Maîtres, SVP de la raison et de la mesure !

 

Quand on lit le communiqué publié par l’Ordre National des Avocats de Tunisie en réaction au projet de loi des Finances 2017, on est surpris par le ton véhément pour ne pas dire virulent qui le caractérise de bout en bout. On y lit des termes choquants comme le fait de qualifier le projet de loi des Finances de non-patriotique et qu’il peut mettre en péril la stabilité sociale du pays en raison de ses incidences catastrophiques sur le barreau. Sans parler de ces verbes qui donnent un goût amer du genre : dénoncer, condamner et autres du même acabit. La chute est particulièrement violente puisqu’on y parle de l’incapacité des gouvernements successifs à traiter les problèmes économiques et sociaux, ce qui ne justifie pas l’attaque sauvage contre les catégories appauvries du peuple et du barreau tunisien à travers le projet non-patriotique de la loi des finances 2017.

La colère est mauvaise conseillère et il est certain que le communiqué a été écrit sous le coup de la colère. Mais quand on apprend que la réunion du bureau de l’Ordre national des avocats a mis six heures pour nous gratifier de ce texte, on est en droit d’être inquiet. Car pour diaboliser cette profession noble il n’y a pas mieux que ce genre de communiqué dans la situation particulièrement difficile que traverse la Tunisie.

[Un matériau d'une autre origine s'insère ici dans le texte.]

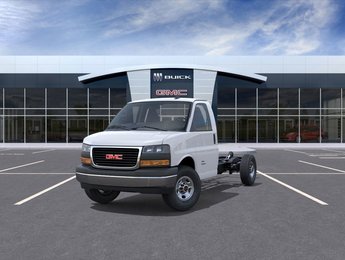 GMC Savana Cutaway 3500 WT 159'' 2025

Personne ne peut contester le rôle joué par les avocats dans toutes les phases décisives de l’histoire nationale. Les avocats ont été les fers de lance du mouvement de libération nationale. Les grands leaders ont été dans leur grande majorité des avocats en commençant par le plus illustre parmi eux, Habib Bourguiba. Ce sont aussi des avocats qui ont donné leurs lettres de noblesse à l’action politique par leur patriotisme et leur dévouement au service de la patrie. Ce sont également des avocats qui ont été à l’avant-garde du combat en faveur des droits de l’homme. Si la Tunisie peut s’enorgueillir de disposer de la plus ancienne ligue de défense des droits de l’homme en Afrique et dans le monde arabe, on le doit surtout à des avocats de talent. Cette profession a été aussi à l’origine du triomphe de la révolution de la liberté et de la dignité en 2010-2011. Personne ne peut oublier cette manifestation des hommes et femmes en robe noire devant le Palais de Justice dans les derniers jours du soulèvement qui allait emporter le régime autoritaire de Ben Ali. Au cours des six dernières années ce sont aussi des avocats qui ont donné un sens à cette étape décisive de l’histoire nationale. Le sacrifice suprême de Me Chokri Belaïd sur l’autel de la liberté retrouvée ne peut jamais être occulté. Le rôle primordial de Me Béji Caïd Essebsi premier président de la seconde république dans le rééquilibrage du paysage politique ne sera pas non plus oublié.

Dans ces conditions, on aurait souhaité trouver auprès de cette profession noble celle de la défense de la veuve et de l’orphelin selon l’image d’Epinal oh combien évocatrice, plus de raison et de mesure. L’esprit corporatiste qui émane de leur communiqué est dangereux et inquiétant. Dangereux car chaque corps de métier va, selon cette optique, défendre ses intérêts étriqués sans prendre en considération l’intérêt supérieur de la nation qui lui doit primer. Inquiétant dans la mesure que l’on va rentrer dans le cycle vicieux de l’escalade dont on sait quand il commence mais sans jamais savoir quand il va se terminer et surtout où il va mener.

C’est par le dialogue et rien que le dialogue que tout peut être réglé. A ce qu’on sache, le gouvernement n’a jamais fermé les portes du dialogue. Pressé par des délais constitutionnels, il a déposé son projet sur le bureau de l’assemblée et celui-ci comme son nom l’indique n’est encore qu’un projet. Les députés où figurent des avocats de talent a toute latitude de modifier le texte quand les arguments sont valables.

Le corps des avocats comme tous les corps de métier a l’obligation de s’acquitter de son devoir fiscal. La solidarité et la justice sociales sont à ce prix. Le communiqué laisse malheureusement transparaître le contraire. Il est impérieux que cette impression soit modifiée. Pour le bien de tous et en premier lieu, celui des avocats eux-mêmes. Car à l’évidence l’Ordre national des avocats a raté le coche cette fois-ci. Car ne l’oublions jamais, tout ce qui est excessif est insignifiant.